What the task asks: Return every line from the one with "Hello, I'm Jason" through the one with "And now I'm", inclusive, exactly as it appears below.

----------

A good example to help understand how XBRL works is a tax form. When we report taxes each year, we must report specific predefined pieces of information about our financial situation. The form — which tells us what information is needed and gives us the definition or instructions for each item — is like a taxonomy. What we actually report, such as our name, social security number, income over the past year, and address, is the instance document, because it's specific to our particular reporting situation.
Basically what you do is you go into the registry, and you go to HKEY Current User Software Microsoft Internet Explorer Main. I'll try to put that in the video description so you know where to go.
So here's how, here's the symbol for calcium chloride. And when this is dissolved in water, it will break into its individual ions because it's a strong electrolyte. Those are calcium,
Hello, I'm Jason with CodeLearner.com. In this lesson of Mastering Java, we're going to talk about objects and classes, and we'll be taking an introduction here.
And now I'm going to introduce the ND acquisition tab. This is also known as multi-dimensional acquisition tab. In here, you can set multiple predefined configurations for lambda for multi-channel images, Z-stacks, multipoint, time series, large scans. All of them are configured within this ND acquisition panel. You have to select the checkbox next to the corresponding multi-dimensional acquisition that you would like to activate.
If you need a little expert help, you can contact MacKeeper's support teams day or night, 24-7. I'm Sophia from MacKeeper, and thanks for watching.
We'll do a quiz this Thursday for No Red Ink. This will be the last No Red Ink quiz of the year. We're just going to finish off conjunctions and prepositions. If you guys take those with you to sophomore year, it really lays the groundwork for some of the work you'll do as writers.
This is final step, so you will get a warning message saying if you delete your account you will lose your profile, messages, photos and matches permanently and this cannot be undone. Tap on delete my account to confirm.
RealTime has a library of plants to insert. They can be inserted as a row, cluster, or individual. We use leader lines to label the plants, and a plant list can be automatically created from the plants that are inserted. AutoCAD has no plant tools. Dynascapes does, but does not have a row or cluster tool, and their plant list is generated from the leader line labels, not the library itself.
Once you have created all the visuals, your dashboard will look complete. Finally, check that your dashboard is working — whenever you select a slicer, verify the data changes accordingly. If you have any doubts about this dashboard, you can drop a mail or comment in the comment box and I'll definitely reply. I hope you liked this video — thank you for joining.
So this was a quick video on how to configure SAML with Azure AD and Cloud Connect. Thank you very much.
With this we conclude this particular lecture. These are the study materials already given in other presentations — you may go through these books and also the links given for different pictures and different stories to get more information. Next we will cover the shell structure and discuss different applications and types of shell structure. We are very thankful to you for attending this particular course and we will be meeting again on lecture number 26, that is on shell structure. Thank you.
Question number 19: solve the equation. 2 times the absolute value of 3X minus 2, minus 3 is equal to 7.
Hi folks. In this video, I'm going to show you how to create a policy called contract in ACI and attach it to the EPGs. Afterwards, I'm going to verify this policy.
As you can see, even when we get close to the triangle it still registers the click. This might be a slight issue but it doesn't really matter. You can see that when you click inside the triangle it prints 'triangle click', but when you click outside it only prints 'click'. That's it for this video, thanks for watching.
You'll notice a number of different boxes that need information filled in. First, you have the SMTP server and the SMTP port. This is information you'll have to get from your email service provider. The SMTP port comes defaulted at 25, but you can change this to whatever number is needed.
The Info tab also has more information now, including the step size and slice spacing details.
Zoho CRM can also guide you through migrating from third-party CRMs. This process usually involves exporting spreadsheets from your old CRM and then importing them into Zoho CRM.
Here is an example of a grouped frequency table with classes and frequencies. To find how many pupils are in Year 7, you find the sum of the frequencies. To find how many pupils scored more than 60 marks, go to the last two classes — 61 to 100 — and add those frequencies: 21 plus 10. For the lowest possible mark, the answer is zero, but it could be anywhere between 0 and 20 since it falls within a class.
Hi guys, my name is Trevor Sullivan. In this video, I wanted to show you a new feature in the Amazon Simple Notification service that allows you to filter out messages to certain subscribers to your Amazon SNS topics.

----------

Solved exercise:
Hello, I'm Jason with CodeLearner.com. In this lesson of Mastering Java, we're going to talk about objects and classes, and we'll be taking an introduction here.
And now I'm going to introduce the ND acquisition tab. This is also known as multi-dimensional acquisition tab. In here, you can set multiple predefined configurations for lambda for multi-channel images, Z-stacks, multipoint, time series, large scans. All of them are configured within this ND acquisition panel. You have to select the checkbox next to the corresponding multi-dimensional acquisition that you would like to activate.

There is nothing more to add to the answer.